Voll motiviert geht es Schlag auf Schlag

Boris Burkhardt

Von Boris Burkhardt

Do, 04. Februar 2016

Rheinfelden

Die beiden Profi-Badmintonspielerinnen Nicole Grether und Charmaine Reid besuchen die Gymnasiasten des GBG.

RHEINFELDEN. "Die schlagen wir", sei der Vorsatz der männlichen Schüler von Sportlehrer Dieter Huppert gewesen, wie er lachend erzählt, als die beiden Profi-Badmintonspielerinnen Nicole Grether und Charmaine Reid die Klasse besuchen. Feixen gehört zum normalen Umgang von Zehntklässlern; und auch untereinander feuern sie sich in der Sporthalle des Georg-Büchner-Gymnasiums an.

"Die Schüler entwickeln schnell einen Ehrgeiz beim Badminton", wird Grether später dazu sagen, wenn sie erklärt, warum das Spiel mit dem Federball ein so motivierender Sport sei. Doch die Sprüche der Zehntklässler weichen auf dem Feld schnell echter Bewunderung, als Grether und Reid die ersten Schaukämpfe austragen und die Jugendlichen selbst aufs Feld gerufen werden, um im Einzel oder Doppel gegen die Profispielerinnen zu bestehen.

Auch die weiblichen Zehntklässler mit ihrer Lehrerin Yvonne Fritz sind dabei, wenn Grether und Reid in ihrer "S’cool Mission" am Georg-Büchner-Gymnasium eine von 18 Schulen im Landkreis Lörrach besuchen: Die beiden Spielerinnen, die schon bei den Olympischen Spielen jeweils Deutschland und Kanada vertraten, wollen sich nach dem Ende ihrer aktiven Profikarriere ganz auf die Nachwuchsarbeit konzentrieren: Unterstützt von verschiedenen Sponsoren kommen sie so kostenlos in die Schulen.

"Unser Ziel ist es, die Kinder und Jugendlichen zum Sport generell zu begeistern, nicht nur zum Badminton im Speziellen", erklärt Grether. Doch der Sport mit dem Federball hat offensichtlich eine einzigartige Faszination: Begeistert feuern die Schüler ihre beiden Lehrer an, als die sich im Doppel gegen die beiden Profis versuchen.

Grether und Reid integrieren die Schüler in ihre Vorführungen und lassen sie einzelne Schläge und Spielzüge üben. In der zweiten Hälfte der Sportstunde dürfen dann alle auf sechs Feldern in der Halle spielen.

Immer wieder streut Grether Wissenswertes über ihren Sport ein: So brauche es für die Herstellung eines echten Federballs die Federn von sechs bis acht Gänsen, immer nur vom linken Flügel; 20 bis 25 davon verschlissen sie und Reid in einer Trainingseinheit von anderthalb Stunden. Der schnellste Federball sei übrigens mit knapp 500 Stundenkilometern gemessen worden.

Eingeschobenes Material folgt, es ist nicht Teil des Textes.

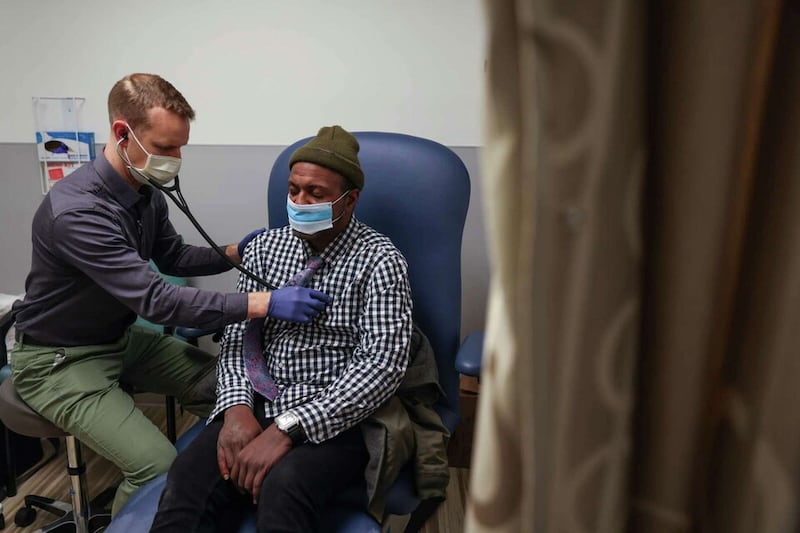 Desean Dixon, who has been homeless for over a decade, gets his heart checked by Dr. Stephen Matzat (left) at the Castro-Mission Health Center in San Francisco. Gabrielle Lurie/The Chronicle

Auch vom Doping spricht Grether: Die verbotenen Substanzen seien genau festgelegt, sodass die Sportler zum Beispiel bestimmte Kopfschmerzmittel nicht einnehmen dürften. "Außerdem mussten wir vor Olympia drei Monate lang unseren Aufenthaltsort für jeden Tag im Voraus angeben", erklärt sie.

Badminton ist laut den Lehrern Huppert und Fritz am Georg-Büchner-Gymnasium Bestandteil des Schulcurriculums, einem durch die Schule konkretisierten Lehrplan. Die einzelnen Sportarten werden in Unterrichtseinheiten von fünf bis sechs Wochen gespielt. Schläger, Bälle (die günstigeren aus Plastik) und Netze sind deshalb vorhanden.

"Ich könnte mir gut vorstellen, dass wir in den kommenden Stunden mit Badminton weitermachen", sagt Fritz. Und Huppert weist nicht ohne Stolz darauf hin, dass die Linien für Badminton-Felder in dezentem Grün auf den Hallenboden gemalt sind: "Das hat vermutlich nicht jede Schulhalle."